Le général Graziani poursuit le récit de cette rencontre : « Lorsqu’il se leva pour partir, son front était lumineux, comme s’il était entouré d’une aura de lumière. Je sentis mon cœur frissonner devant la majesté de la situation. J’étais l’homme qui avait mené les guerres mondiale et désertique, et voilà qu’en cette occasion, mes lèvres tremblaient et ne parvenaient à prononcer une seule lettre. Je mis fin à la rencontre et j’ordonnai qu’il fût reconduit dans sa cellule afin qu’il soit présenté au tribunal dans la soirée. Lorsqu’il se leva, il essaya de me serrer la main, mais en vain, car ses deux mains étaient enchaînées. »

Le procès de ʿUmar Al-Mukhtâr se tint au siège du Parti fasciste. Il fut ouvert le mardi 15 septembre 1931 à 17 h 15. Une heure plus tard, les juges prononçaient la sentence : la pendaison jusqu’à ce que mort s’en suive. Le Sheikh septuagénaire ne dit rien d’autre pour commenter le jugement à part cette phrase : « Le jugement n’appartient qu’à Dieu. Ce n’est pas votre jugement hypocrite. Nous sommes à Dieu et c’est à Lui que nous retournons. »

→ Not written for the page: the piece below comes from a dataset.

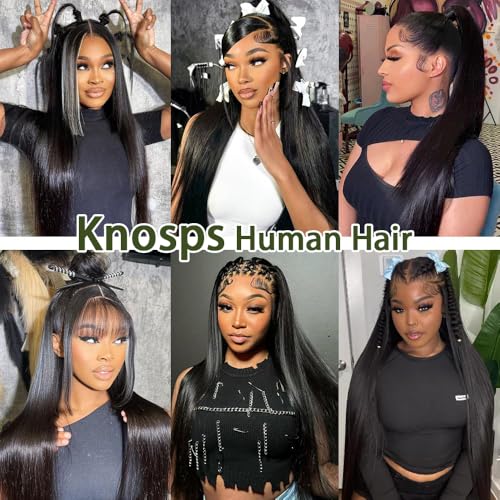 13x6 Lace Front Wigs Human Hair 32 Inch Straight HD Lace Front Wigs Human Hair Pre Plucked 13x6 Frontal Wigs Human Hair 180 Density Glueless Wigs Human Hair with Baby Hair for Women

ʿUmar Al-Mukhtâr se prépare au martyre

Le matin du mercredi 16 septembre 1931, toutes les mesures furent prises pour le bon déroulement de la mise à mort. L’armée, les milices et l’aviation étaient présents. On rassembla par ailleurs des dizaines de milliers de Libyens pour qu’ils assistent à la mort de celui qu’ils considéraient comme leur héros. Le Sheikh ʿUmar Al-Mukhtâr fut amené, les mains enchaînées et le sourire aux lèvres. Il fut livré à son bourreau à 9 h précises, alors que son visage était rayonnant de bonheur à l’idée de mourir en martyr. Pendant qu’on lui mettait la corde au cou, on l’entendit murmurer l’appel à la prière, et réciter les versets : « Ô toi, âme apaisée, retourne vers ton Seigneur, satisfaite et agréée. » [2] C’était la fin...

Le corps du héros tomba. Mais son âme s’éleva au ciel, élevant avec elle les principes pour lesquelles elle se sacrifia.

La mort du Lion du Désert eut un retentissement terrible dans tout le monde musulman. Sa gloire fut chantée par les poètes, et son martyre fut célébré par les peuples. Au fil des jours, il devint le symbole de la résistance face aux oppresseurs.

Que Dieu lui fasse miséricorde

« Nous combattons car nous avons le devoir de combattre pour défendre notre religion et notre liberté. Nous combattrons jusqu’à ce que nous chassions les envahisseurs ou jusqu’à ce que nous mourions. Nous n’avons pas d’autre choix. Nous sommes à Dieu et c’est à Lui que nous retournons. » (Le martyr ʿUmar Al-Mukhtâr)

Notes

[1Sourate 8 intitulée le Butin, Al-Anfâl, verset 17.

[2Sourate 89 intitulée l’Aube, Al-Fajr, versets 27 et 28.